_What to produce_:
From the material below, return exactly the lines starting at the one that holds "Produktbild Synology D4NE-2666-4G" and ending at the one that holds "Мужские джинсы DIFRANSEL". Pictures stay out of the answer.

_Dataset extract_:

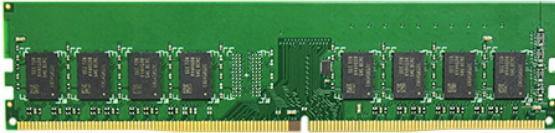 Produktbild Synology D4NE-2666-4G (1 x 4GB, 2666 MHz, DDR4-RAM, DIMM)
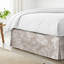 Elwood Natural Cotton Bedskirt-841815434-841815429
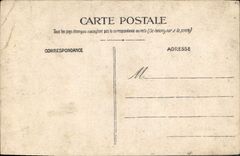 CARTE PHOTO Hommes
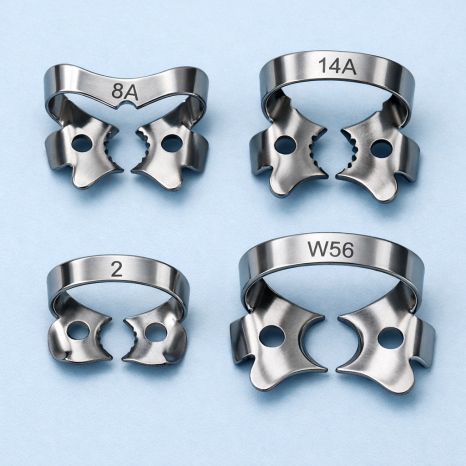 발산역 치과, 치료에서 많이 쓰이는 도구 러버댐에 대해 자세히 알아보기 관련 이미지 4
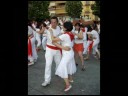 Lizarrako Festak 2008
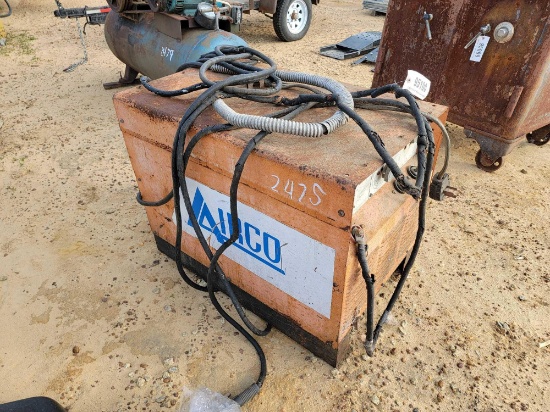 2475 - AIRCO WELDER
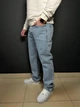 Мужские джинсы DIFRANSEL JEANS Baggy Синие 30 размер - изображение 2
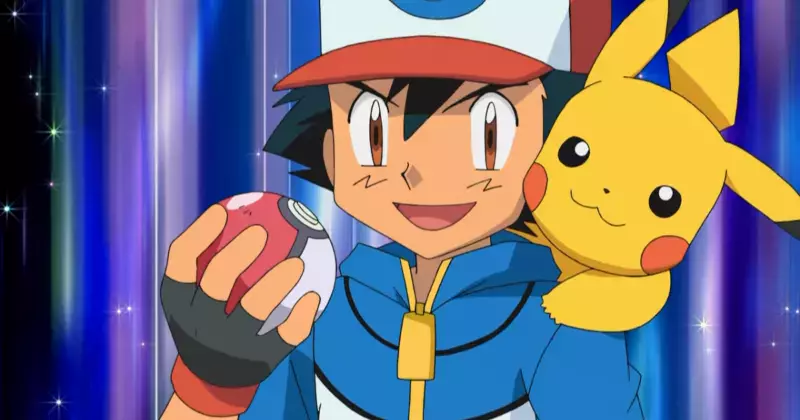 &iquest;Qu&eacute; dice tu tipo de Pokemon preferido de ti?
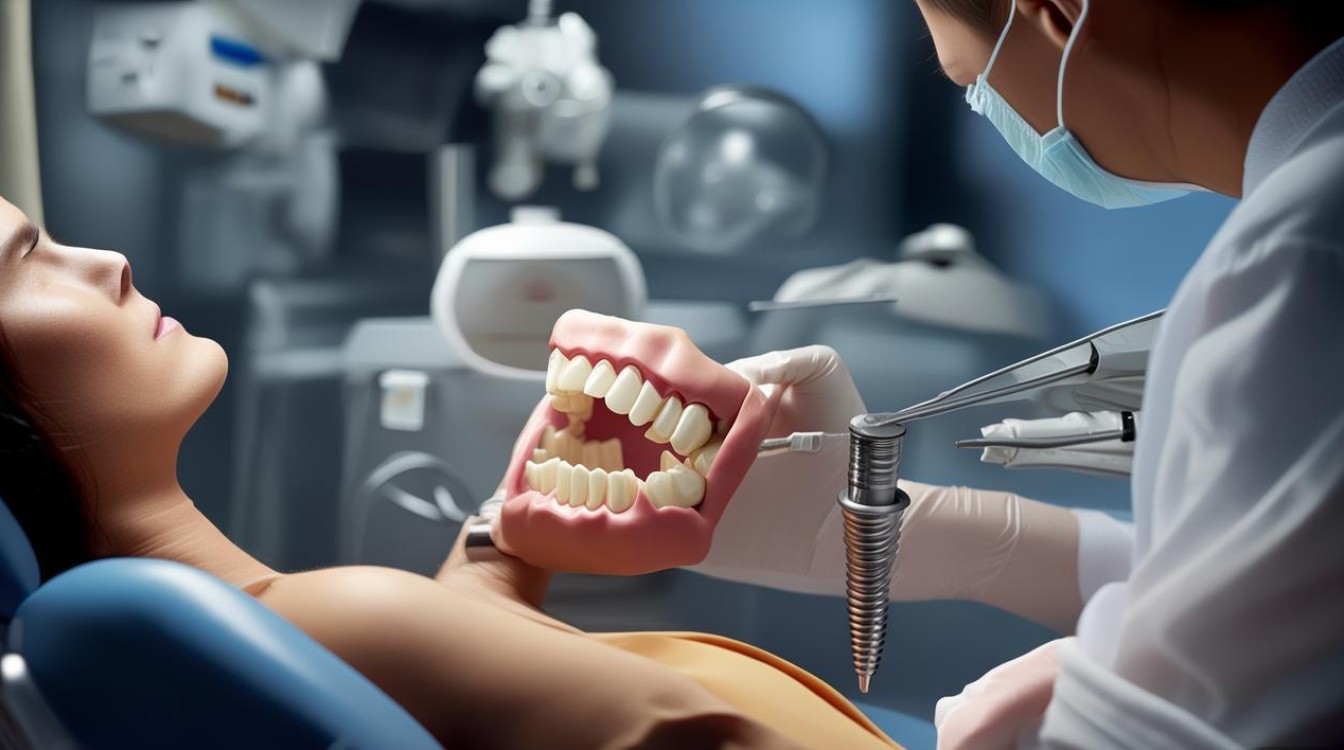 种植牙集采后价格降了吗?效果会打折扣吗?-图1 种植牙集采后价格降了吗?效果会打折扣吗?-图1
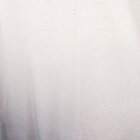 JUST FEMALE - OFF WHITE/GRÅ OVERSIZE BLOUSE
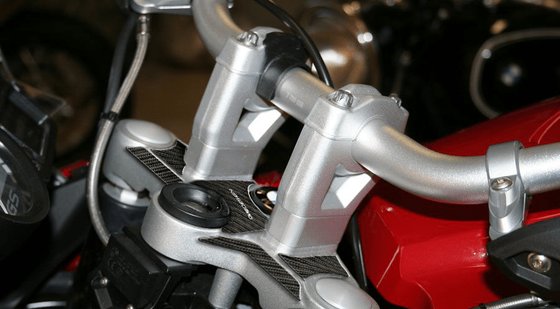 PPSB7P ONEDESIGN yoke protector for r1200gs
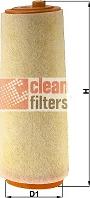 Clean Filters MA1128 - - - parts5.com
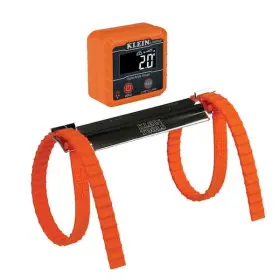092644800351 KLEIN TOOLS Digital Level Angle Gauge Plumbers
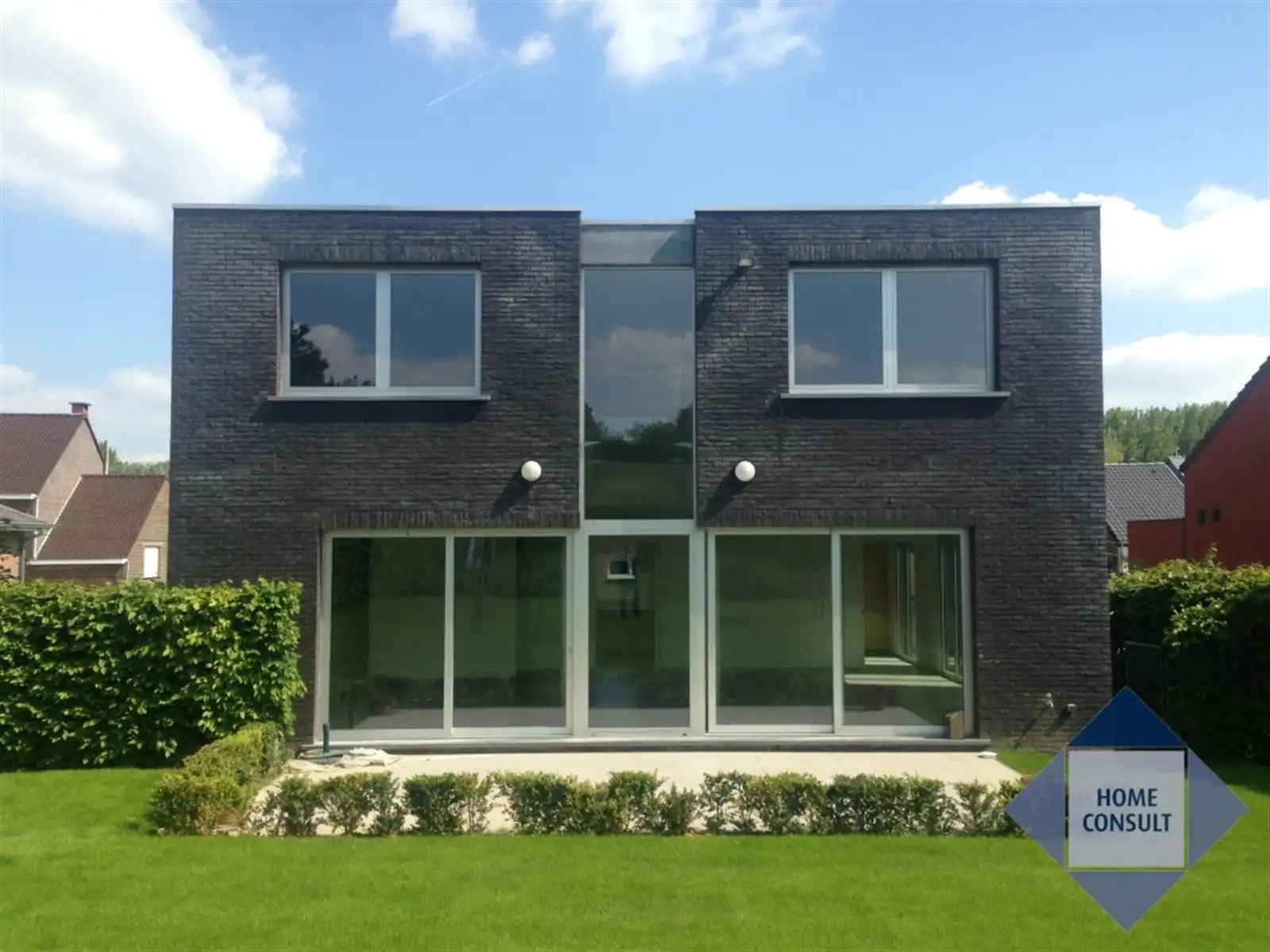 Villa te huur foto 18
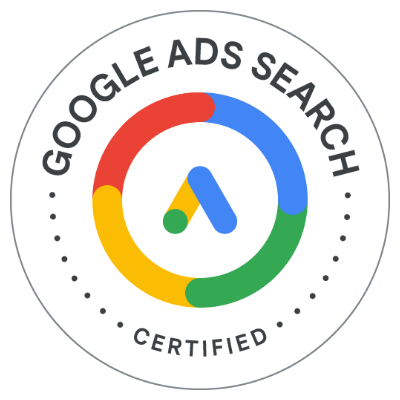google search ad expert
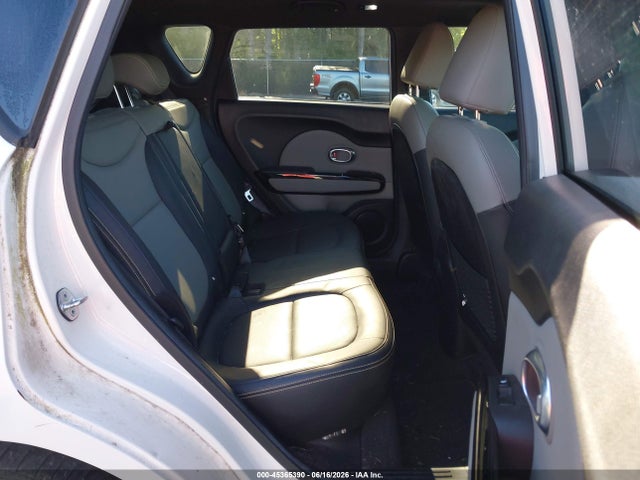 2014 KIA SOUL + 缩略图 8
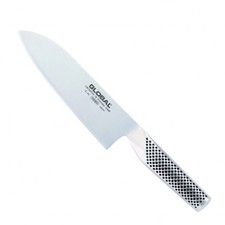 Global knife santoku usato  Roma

...

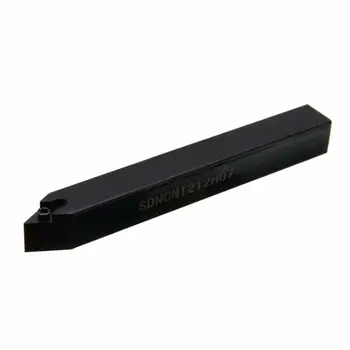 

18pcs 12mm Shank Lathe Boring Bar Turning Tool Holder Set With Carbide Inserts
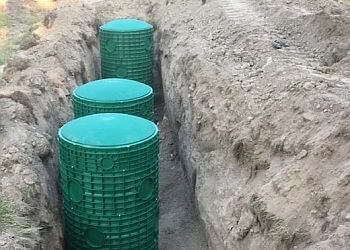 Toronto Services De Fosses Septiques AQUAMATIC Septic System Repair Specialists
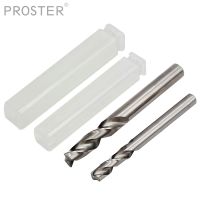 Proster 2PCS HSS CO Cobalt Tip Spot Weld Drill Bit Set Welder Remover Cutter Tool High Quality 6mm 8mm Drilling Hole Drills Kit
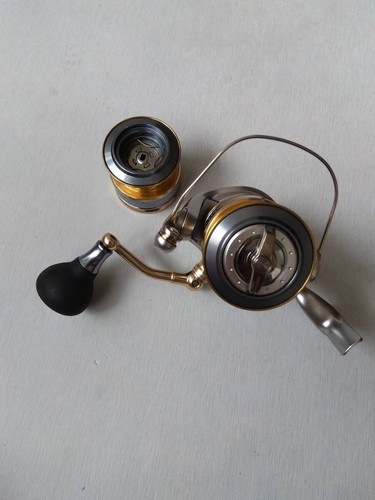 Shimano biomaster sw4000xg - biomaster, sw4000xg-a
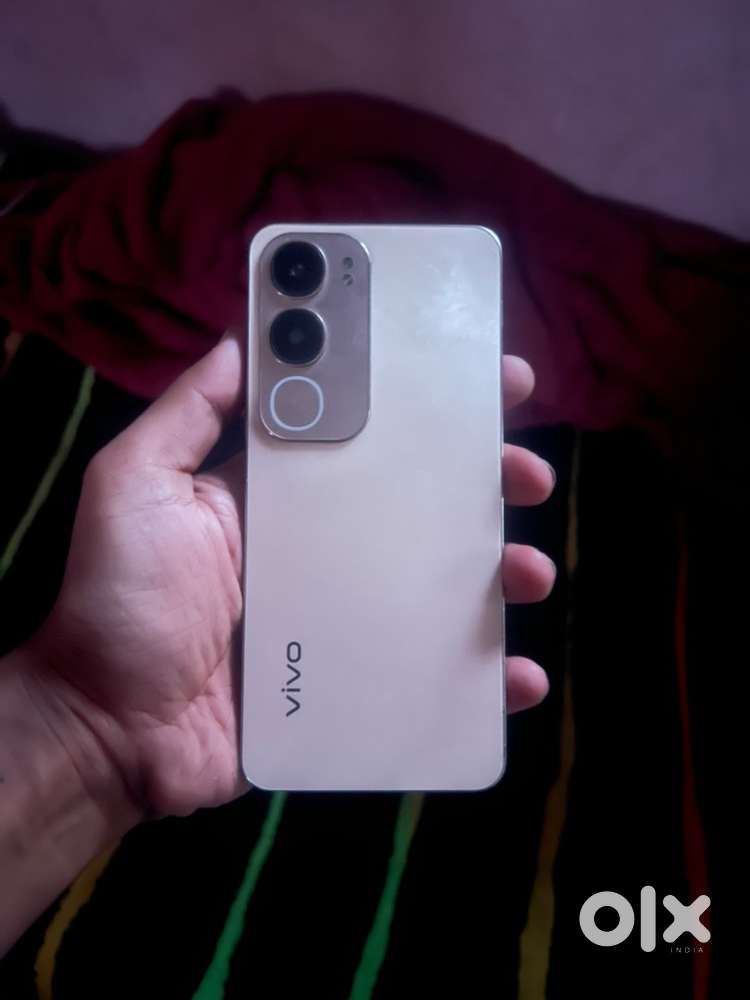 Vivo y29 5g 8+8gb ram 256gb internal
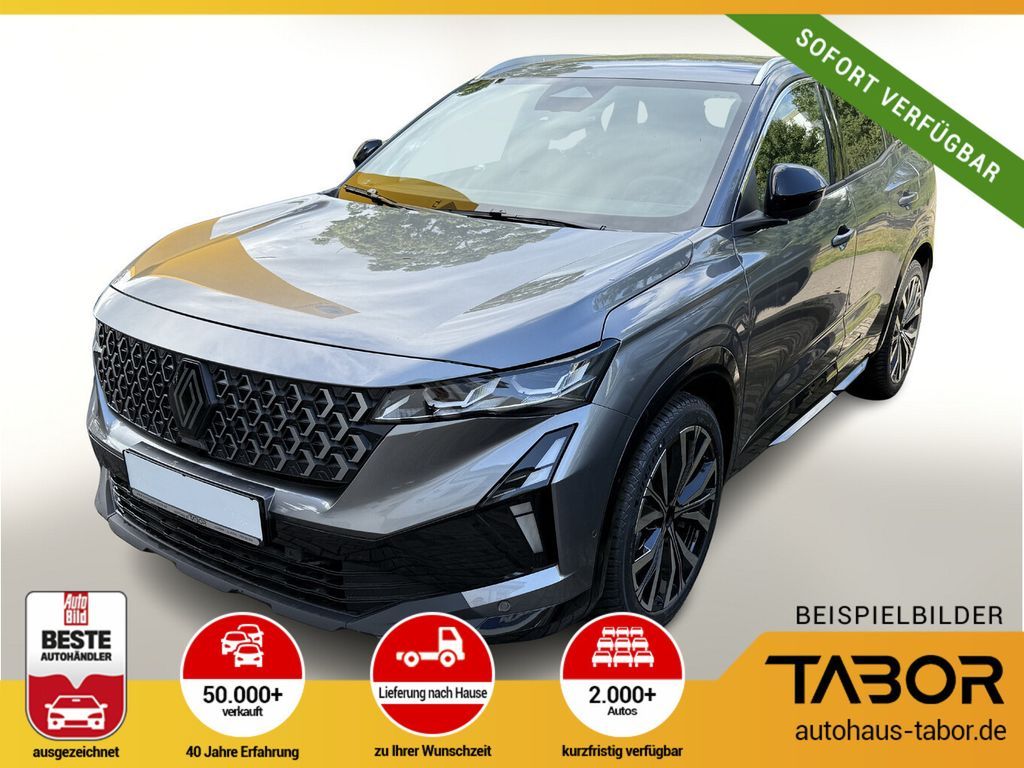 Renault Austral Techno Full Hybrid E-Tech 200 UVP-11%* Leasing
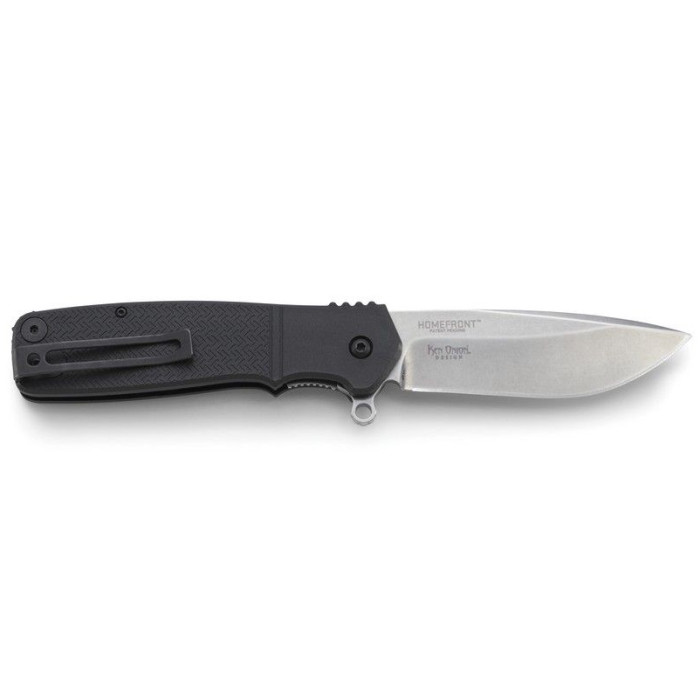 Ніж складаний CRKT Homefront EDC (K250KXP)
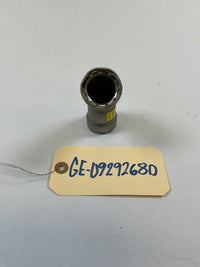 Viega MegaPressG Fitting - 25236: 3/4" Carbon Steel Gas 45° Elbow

* * *

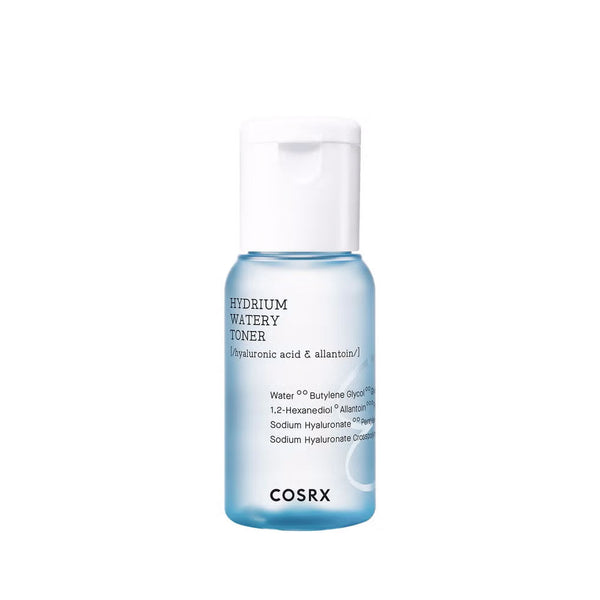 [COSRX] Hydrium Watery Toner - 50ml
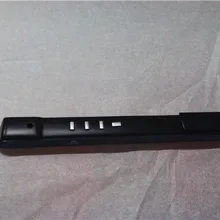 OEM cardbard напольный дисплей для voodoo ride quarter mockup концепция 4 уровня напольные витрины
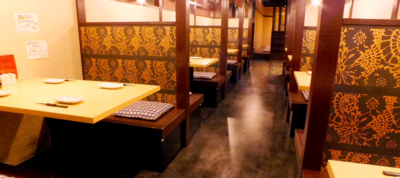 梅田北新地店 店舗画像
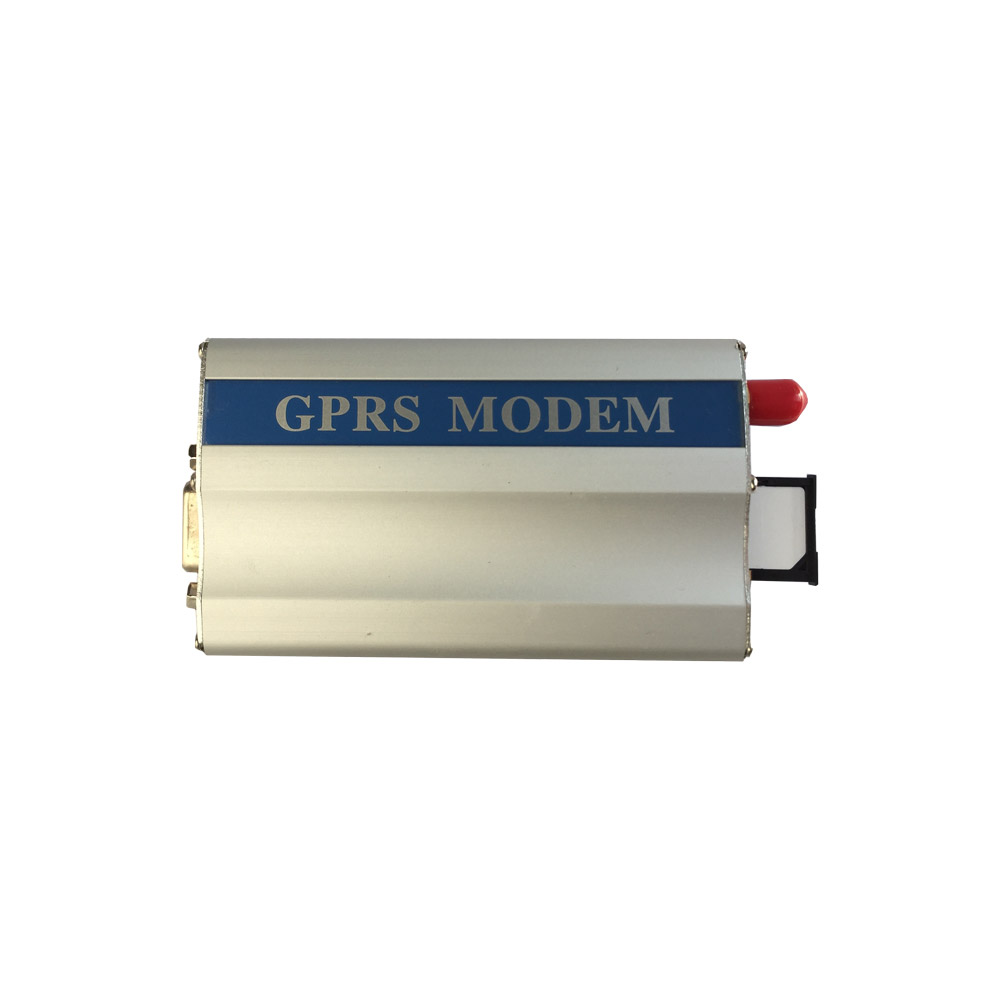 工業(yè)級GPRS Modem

_Task solution_:
 Produktbild Synology D4NE-2666-4G (1 x 4GB, 2666 MHz, DDR4-RAM, DIMM)
 Elwood Natural Cotton Bedskirt-841815434-841815429
 CARTE PHOTO Hommes
 발산역 치과, 치료에서 많이 쓰이는 도구 러버댐에 대해 자세히 알아보기 관련 이미지 4
 Lizarrako Festak 2008
 2475 - AIRCO WELDER
 Мужские джинсы DIFRANSEL JEANS Baggy Синие 30 размер - изображение 2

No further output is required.